Introduction to the Fine-Tuning Scheduler¶

The FinetuningScheduler callback accelerates and enhances foundation model experimentation with flexible fine-tuning schedules. Training with the FinetuningScheduler (FTS) callback is simple and confers a host of benefits:

it dramatically increases fine-tuning flexibility
expedites and facilitates exploration of model tuning dynamics
enables marginal performance improvements of fine-tuned models

Note

If you’re exploring using the FinetuningScheduler, this is a great place to start! You may also find the notebook-based tutorial useful and for those using the LightningCLI, there is a CLI-based example at the bottom of this introduction.

Setup¶

Setup is straightforward, just install from PyPI!

pip install finetuning-scheduler

Additional installation options (from source etc.) are discussed under “Additional installation options” in the README

Motivation¶

Fundamentally, the FinetuningScheduler callback enables multi-phase, scheduled fine-tuning of foundation models. Gradual unfreezing (i.e. thawing) can help maximize foundation model knowledge retention while allowing (typically upper layers of) the model to optimally adapt to new tasks during transfer learning [1] [2] [3] .

FinetuningScheduler orchestrates the gradual unfreezing of models via a fine-tuning schedule that is either implicitly generated (the default) or explicitly provided by the user (more computationally efficient). fine-tuning phase transitions are driven by FTSEarlyStopping criteria (a multi-phase extension of EarlyStopping), user-specified epoch transitions or a composition of the two (the default mode).

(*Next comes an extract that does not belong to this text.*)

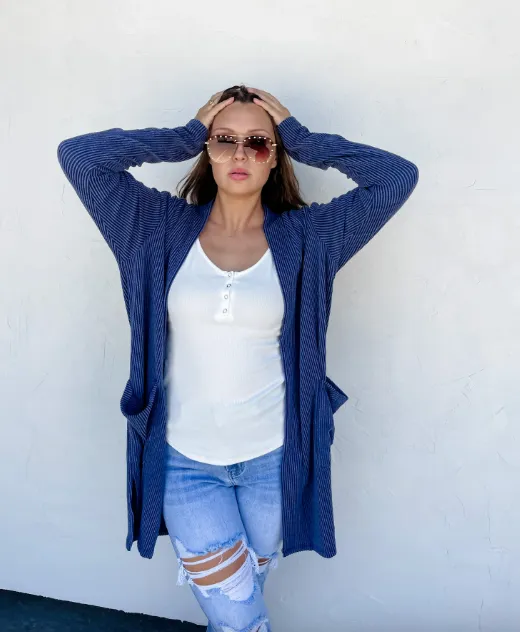 Reese Ribbed Cardigan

A FinetuningScheduler training session completes when the final phase of the schedule has its stopping criteria met. See Early Stopping for more details on that callback’s configuration.

Basic Usage¶

If no fine-tuning schedule is user-provided, FinetuningScheduler will generate a default schedule and proceed to fine-tune according to the generated schedule, using default FTSEarlyStopping and FTSCheckpoint callbacks with monitor=val_loss.

import lightning as L
from finetuning_scheduler import FinetuningScheduler

trainer = L.Trainer(callbacks=[FinetuningScheduler()])

Note

If not provided, FTS will instantiate its callback dependencies (FTSEarlyStopping and FTSCheckpoint) with default configurations and monitor=val_loss. If the user provides base versions of these dependencies (e.g. EarlyStopping, ModelCheckpoint) the provided configuration of those callbacks will be used to instantiate their FTS analogs instead.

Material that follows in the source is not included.